How Pause's Guardian learns from every interaction — and proves it.
The Problem
"Self-improving AI" is one of the most overclaimed phrases in tech demos. Most projects mean one of two things: batch fine-tuning between releases, or A/B testing between user cohorts. Neither is real-time, per-user, per-interaction learning.
Pause needed something different. The Guardian AI intercepts impulse purchases with personalized strategies — but a strategy that works for late-night electronics doesn't work for morning coffee runs. A generic "Do you really need this?" prompt gets overridden immediately. The AI had to learn what works for each user and adapt on every interaction.
We integrated the ACE (Agentic Context Engine) framework to build a Skillbook that grows from 4 seed strategies into a personalized knowledge base — with every learning step traceable in Opik.
Architecture Overview
Link: mermaid.live
Two feedback loops, one Skillbook. Immediate outcomes (accepted/overridden) and retrospective satisfaction ("Was it worth it?") both feed into the same ACE pipeline, giving the Guardian two temporal perspectives on every decision.
The Skillbook: A Living Knowledge Base
The Skillbook is a persistent JSON registry of learned strategies. Each skill has an ID, content description, and effectiveness scores:
interface Skill {
id: string;
section: string;
content: string;
helpful: number; // Times this skill led to acceptance
harmful: number; // Times this skill led to override
neutral: number; // Times outcome was ambiguous
status: "active" | "invalid";
}
Storage: The Skillbook is stored as a JSONB column in Neon PostgreSQL, serialized via Skillbook.toDict() and loaded via Skillbook.fromDict(). No normalized skills table — the entire Skillbook is a single atomic document, simplifying concurrent updates. Two deserialization methods are used: Skillbook.loads() parses a JSON string (used when converting JSONB to string first), while Skillbook.fromDict() accepts a JS object directly (used when Drizzle returns JSONB as a parsed object).

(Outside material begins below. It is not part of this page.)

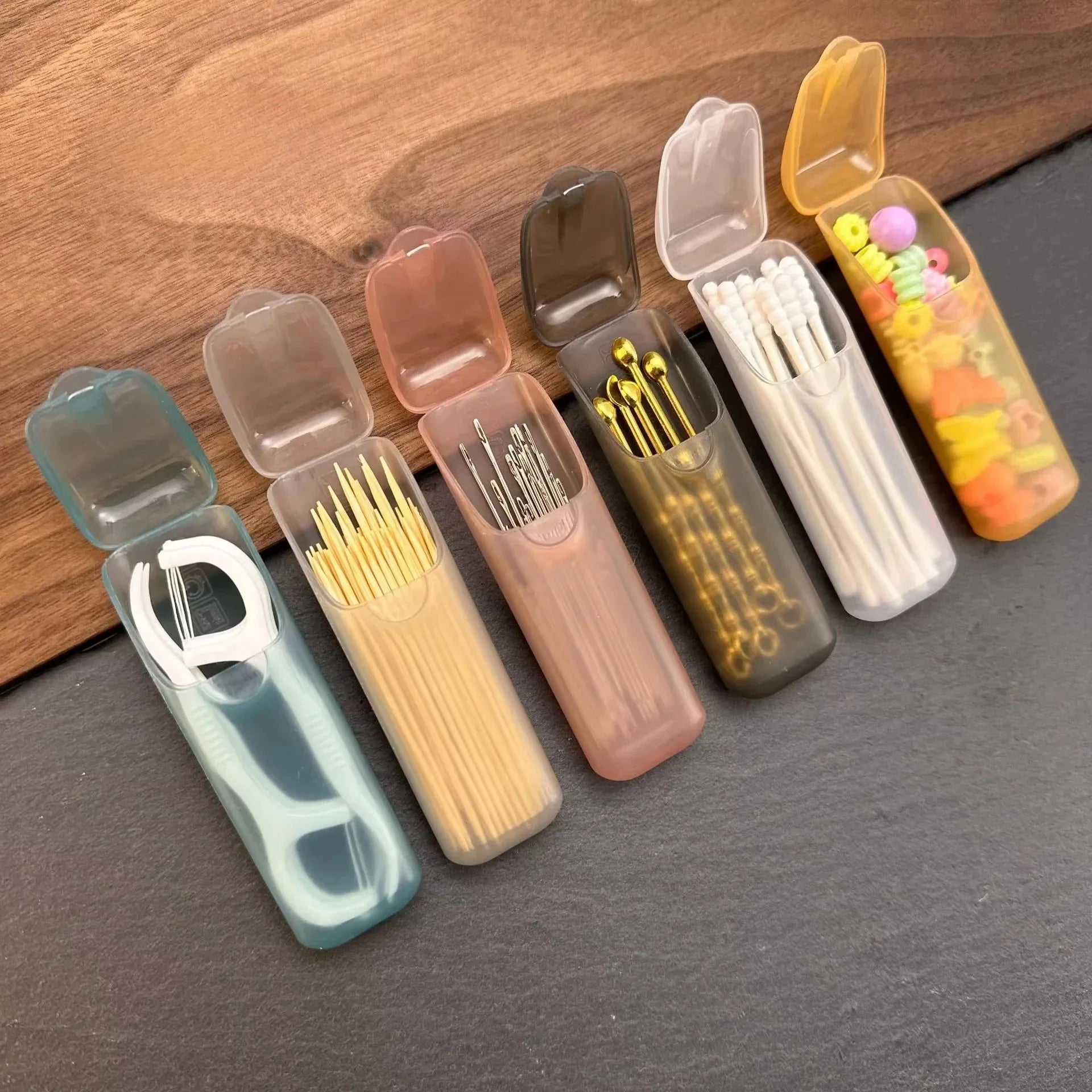 Mini portable storage box set with translucent cases, open tops showing toothpicks and swabs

Injection: Before every Guardian interaction, the Skillbook is loaded and formatted for the LLM:
// apps/web/src/lib/server/ace.ts
export async function loadUserSkillbook(userId: string): Promise<string> {
const result = await withTimeout(
db.select({ skills: skillbookTable.skills })
.from(skillbookTable)
.where(eq(skillbookTable.userId, userId))
.limit(1),
DB_TIMEOUT_MS
);
let instance: Skillbook;
if (result[0]) {
instance = Skillbook.loads(JSON.stringify(result[0].skills));
} else {
instance = new Skillbook();
}
const context = wrapSkillbookContext(instance);
// Guard against prompt bloat
if (context.length > MAX_CONTEXT_CHARS) {
return `${context.substring(0, MAX_CONTEXT_CHARS)}\n\n[Skillbook truncated]`;
}
return context;
}
The wrapSkillbookContext() function formats skills into a structured text block that the LLM can reference when selecting strategies. Skills with high helpful scores rise to the top. Skills marked harmful are deprioritized.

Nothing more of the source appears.